GPS devices used to help Strathclyde abuse victims
Scotland's largest police force is issuing GPS tracking devices to repeat victims of domestic abuse in a bid to protect them over the festive period.
Strathclyde Police said people at risk would be able to activate the devices by touching a button.
Satellite technology would then give their exact location so officers could be deployed to help them.
An operator will also be able to listen remotely to a victim if it is suspected they are being attacked.
The initiative is part of the force's domestic abuse campaign which runs until the middle of January.
Chief Constable Stephen House said that although the GPS devices would help tackle domestic abuse, police still needed assistance from the public.
He said: "For far too many people, this festive period will not be a happy time spent with their families. For the women and men who are suffering at the hands of an abusive partner, this will be a time of misery, of heartache and violence.
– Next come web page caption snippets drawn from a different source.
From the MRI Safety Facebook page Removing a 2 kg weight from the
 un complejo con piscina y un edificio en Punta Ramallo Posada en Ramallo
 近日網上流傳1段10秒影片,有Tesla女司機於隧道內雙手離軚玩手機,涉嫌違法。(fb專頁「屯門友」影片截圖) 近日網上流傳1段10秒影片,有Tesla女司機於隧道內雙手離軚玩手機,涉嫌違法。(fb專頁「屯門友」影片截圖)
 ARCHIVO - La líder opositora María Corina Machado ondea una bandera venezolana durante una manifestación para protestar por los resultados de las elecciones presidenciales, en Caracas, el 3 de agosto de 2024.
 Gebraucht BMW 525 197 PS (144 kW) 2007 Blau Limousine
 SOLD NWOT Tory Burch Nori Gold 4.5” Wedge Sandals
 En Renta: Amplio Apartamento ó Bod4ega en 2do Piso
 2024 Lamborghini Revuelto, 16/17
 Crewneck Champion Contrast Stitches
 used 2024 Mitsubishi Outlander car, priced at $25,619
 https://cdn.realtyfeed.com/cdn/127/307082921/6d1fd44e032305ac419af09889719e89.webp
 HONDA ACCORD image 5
"The police and our partners will do all we can, however, we need everyone to play their part. If you know someone who is suffering in silence, we need you to come forward and help them break free from the violence.
"Pick up the phone, walk into a police station or visit one of our confidential third-party reporting centres. Do whatever you can to help. The action that you take can save a life. It is as simple as that."
During the last domestic abuse campaign, officers attended 3,961 incidents and arrested more that 1,700 offenders.
This year's campaign will see offenders who are subject to special bail conditions being "proactively policed" to ensure they are not breaching the conditions.
Lily Greenan, manager of Scottish Women's Aid, said: "This can be a particularly difficult time of year for women who are living with an abusive partner, and this is reflected by the sharp increase in incidents of domestic abuse recorded by police forces every year at this time.
"We welcome the proactive approach being taken by Strathclyde Police to reduce the incidence of domestic abuse.
"Visiting prior offenders on key dates has proved to be extremely effective and we wholeheartedly congratulate and support them in their efforts. We firmly believe that by working together, we can stop domestic abuse."